(DATA SEGMENT Opens)

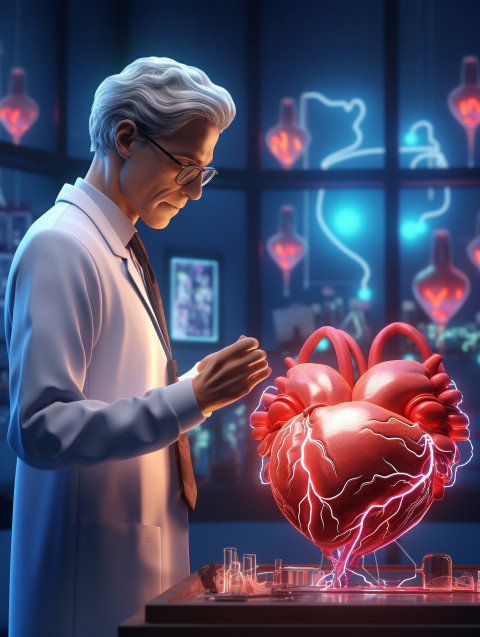 Photo the doctor looks at the heart , Health and Medical stock image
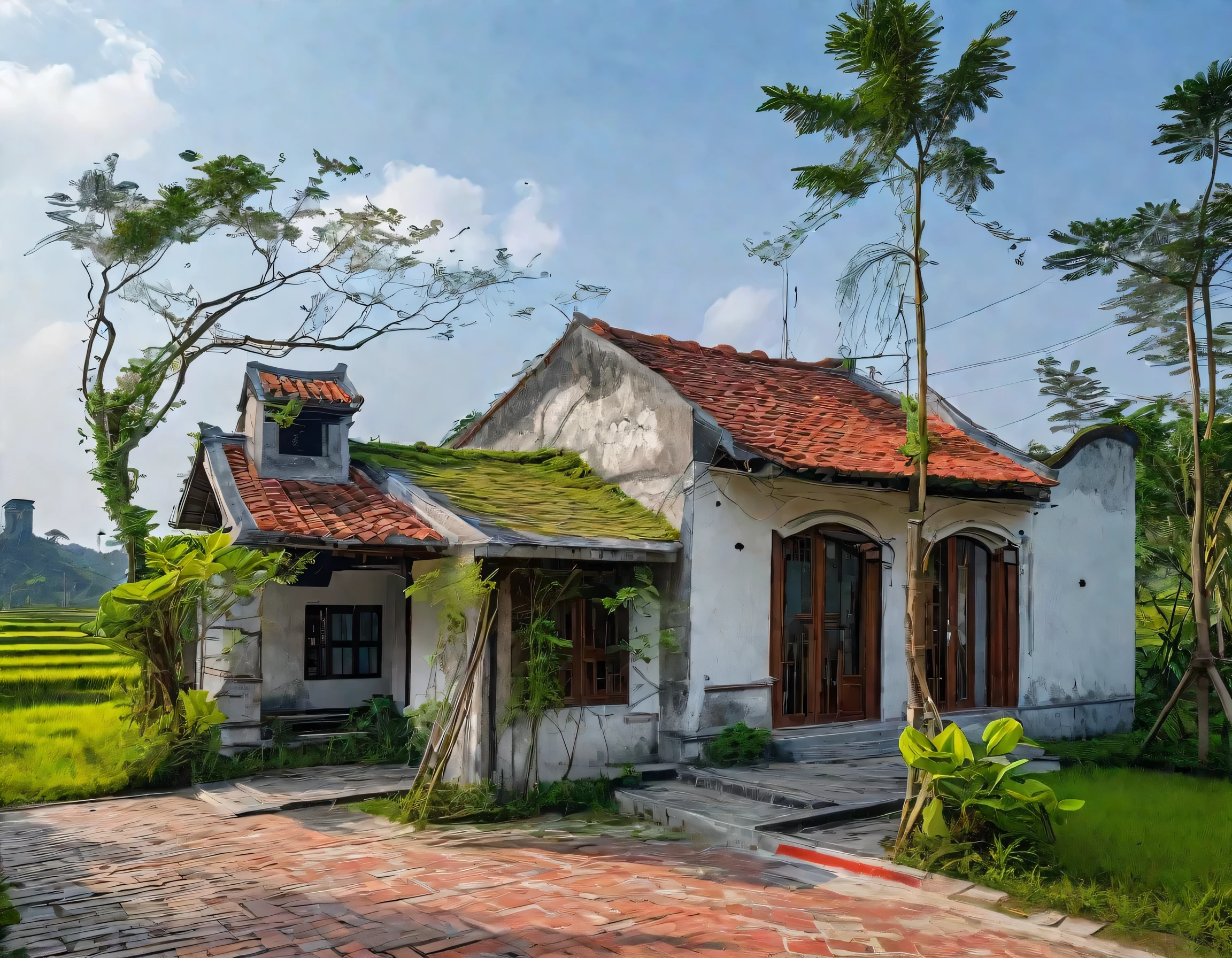 raw photo, ancient house, Vietnamese countryside, beautiful and bright sunlight, red tiled roof, mossy walls, weathered brick floor, ancient, nostalgic atmosphere, super quality, masterpiece, super sharp and realistic
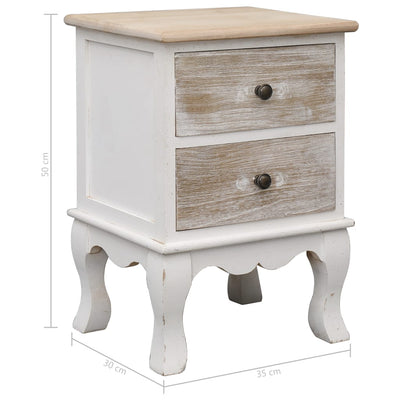 vidaXL Bedside Cabinet 35x30x50 cm Paulownia Wood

(DATA SEGMENT Closes)

• HOW TO COMPLETE THIS TASK:
Should there be pictures in the data, leave them out and return the rest exactly.

• TASK SOLUTION:
 Photo the doctor looks at the heart , Health and Medical stock image
 raw photo, ancient house, Vietnamese countryside, beautiful and bright sunlight, red tiled roof, mossy walls, weathered brick floor, ancient, nostalgic atmosphere, super quality, masterpiece, super sharp and realistic
 vidaXL Bedside Cabinet 35x30x50 cm Paulownia Wood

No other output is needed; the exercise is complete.